Since the beginning of the 21st century and the first big wave of security enforcements in Germany, who holds the entitlement to enforce a share pledge has caused countless disputes between pledgees and insolvency administrators. This issue has now been resolved by a recently released judgment of the German Federal Supreme Court of 27 Oct 2022 (case no.: IX ZR 145/21), which has now held that pledged shares as well as pledges over certain other non-movable rights such as trademarks or patents can be enforced by the pledgee (only) and not by the administrator
BACKGROUND TO THE UNCERTAINTY AND COMMERCIAL PRACTISE TO DATE
In the insolvency of a German debtor, the German insolvency administrator takes control of the assets with a view to liquidating them to the benefit of the creditors. Shares in subsidiaries held by the debtor naturally form part of such assets. Prior to the new decision, if the assets had been granted as collateral, by nature a conflict between the collateral holder and the administrator arose as to who could control the enforcement and realization of the collateral.
The law was clear as to who holds that right in respect of some securities but not all. For example, movables that are subject to a security transfer remain with the administrator, whereas receivables that have been assigned for security purposes may be asserted by the assignee. However, the law was not clear in respect of the enforcement of share pledges. In a 2016 Federal Supreme Court decision, re. Mobilcom, it was decided that the administrator was obliged to enforce pledged securitized bearer shares of a stock corporation which were physically held in custody.
However, that judgment was unclear as to whether, in the court’s view, the principle was limited to the physical holding of shares or should extend to the enforcement right for non-securitized shares of a German limited liability company (GmbH).
In light of this uncertainty, in most cases, it was agreed that the administrator would take control of the shares in order to, as the case may be, sell or restructure the group as a whole, thereby potentially preserving value which would be in the creditors’ best interests, but the administrator’s approach would not always be accepted by the pledgee as being in the creditors’ best interests.
In practise therefore, the pledgee and the administrator negotiated and entered into a so-called realization agreement, setting out the agreed enforcement process. Notably, this takes time and typically includes a negotiated fee for the estate.

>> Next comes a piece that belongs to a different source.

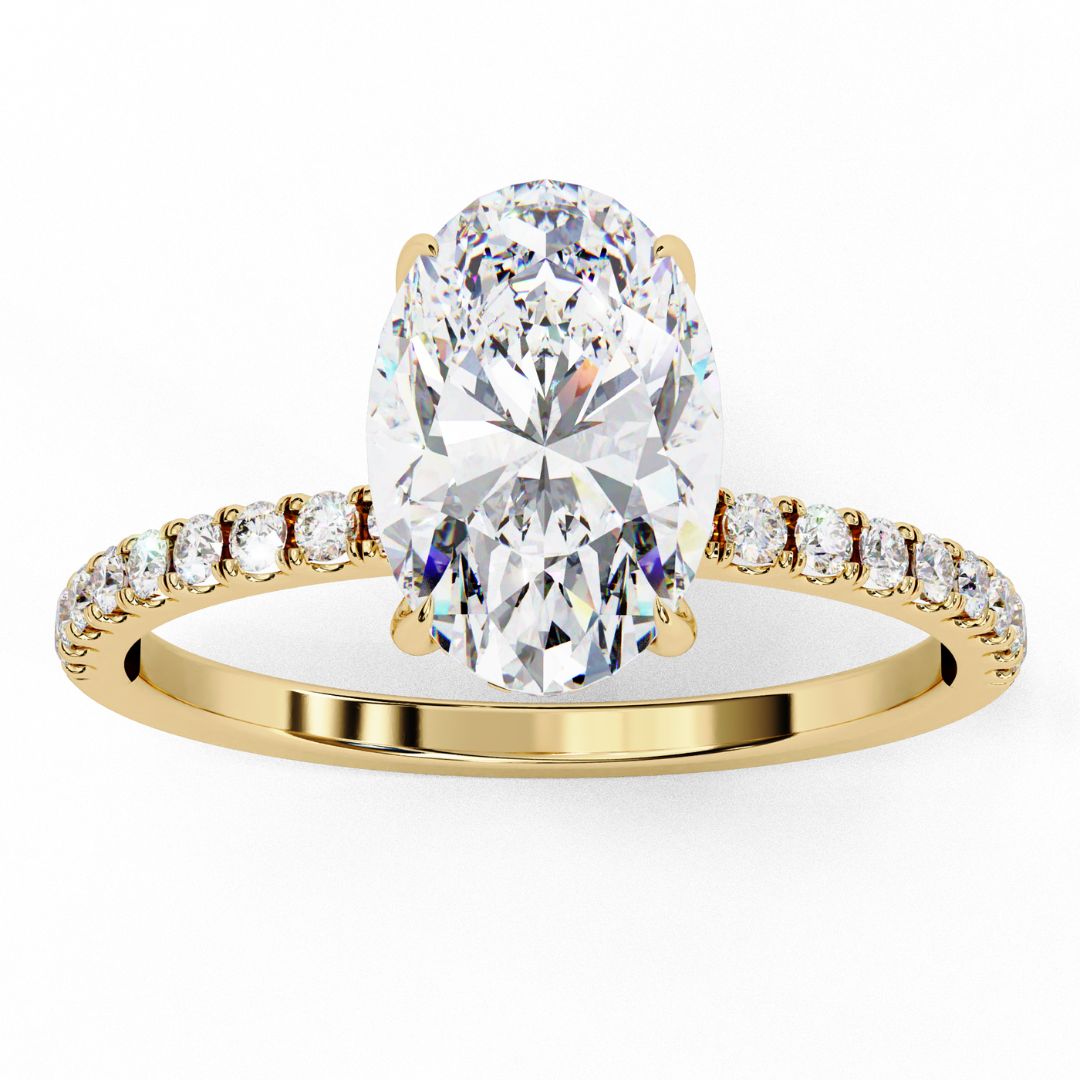 1–5 Carat Oval Lab Grown Solitaire Diamond Ring with Hidden Halo in 18K Gold | Pavé Band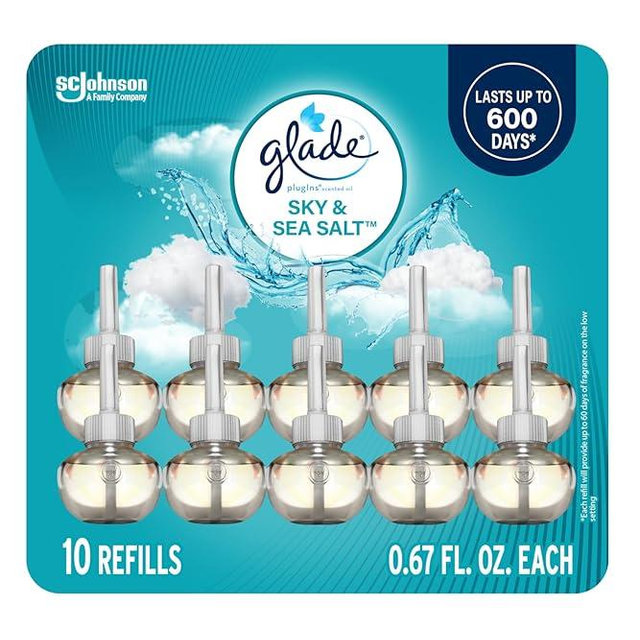 Glade PlugIns Refills Air Freshener, Sky & Sea Salt, Scented and Essential Oils for Home and Bathroom, 0.67 Fl Oz, 10 Count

CLARIFICATION PROVIDED BY THE FEDERAL SUPREME COURT
Fortunately, the Federal Supreme Court has now clarified the situation. Although the case related to trademarks, the Court confirmed that neither trademarks nor certain other non-movable rights, such as shareholdings, trademarks or patents, can be enforced by the administrator.

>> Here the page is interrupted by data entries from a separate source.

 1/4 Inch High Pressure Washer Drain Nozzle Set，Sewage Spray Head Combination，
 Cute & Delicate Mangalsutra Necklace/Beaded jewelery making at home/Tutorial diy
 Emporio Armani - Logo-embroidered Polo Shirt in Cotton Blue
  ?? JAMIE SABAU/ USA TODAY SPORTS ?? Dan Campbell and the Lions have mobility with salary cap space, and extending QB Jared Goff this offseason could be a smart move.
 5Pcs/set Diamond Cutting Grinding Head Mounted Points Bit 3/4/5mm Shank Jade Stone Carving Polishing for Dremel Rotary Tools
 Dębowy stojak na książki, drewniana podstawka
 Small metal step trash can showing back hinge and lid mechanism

In particular, the Court found that the relevant section 166 of the German Insolvency Code does not provide for a right of the administrator to enforce a share pledge. It distinguished the Mobilcom case and dismissed it as being authority for a general application to GmbH shares which are not physically possessed by either party and held further that, unlike with movables in the administrator’s possession, the sale of shares by an administrator is not per se better for creditors than a sale following an enforcement by the pledgee. There may be a scenario where a sale by the administrator could lead to higher enforcement proceeds but this alone would not justify a general rule.

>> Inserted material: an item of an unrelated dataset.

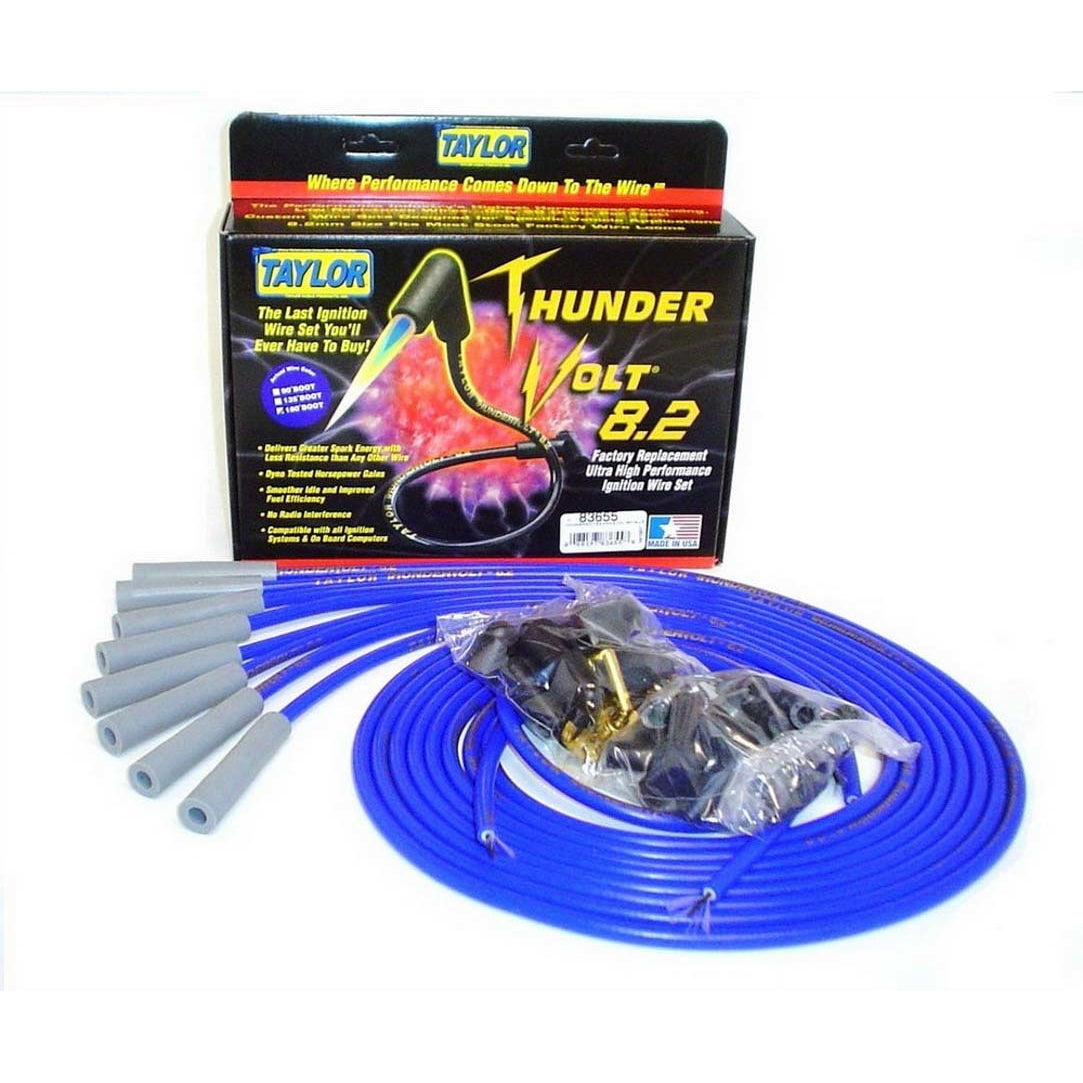 Taylor Universal-Fit Thundervolt 8.2mm Ignition Wire Set - 180° Plug Boots - Blue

The Federal Supreme Court’s thorough and detailed judgment will provide clear authority to the lower courts and the insolvency administrators to follow in practise. This will be received favorably by secured lenders.
This decision will be welcomed in German financing transactions and international financings which include German guarantors. Often, share pledges are the only German collateral which do not contain enforcement restrictions, such as “limitation language” preventing a payment obligation if it leads to personal liability of the German guarantor’s management. Thus, share pledges are highly valuable for the overall structure. The decision should now do away with the need for pre-enforcement negotiations and realization agreements with the administrator, leading to a faster process run by the pledgee and higher returns for creditors. This in turn may factor favourably in the cost of German finance generally.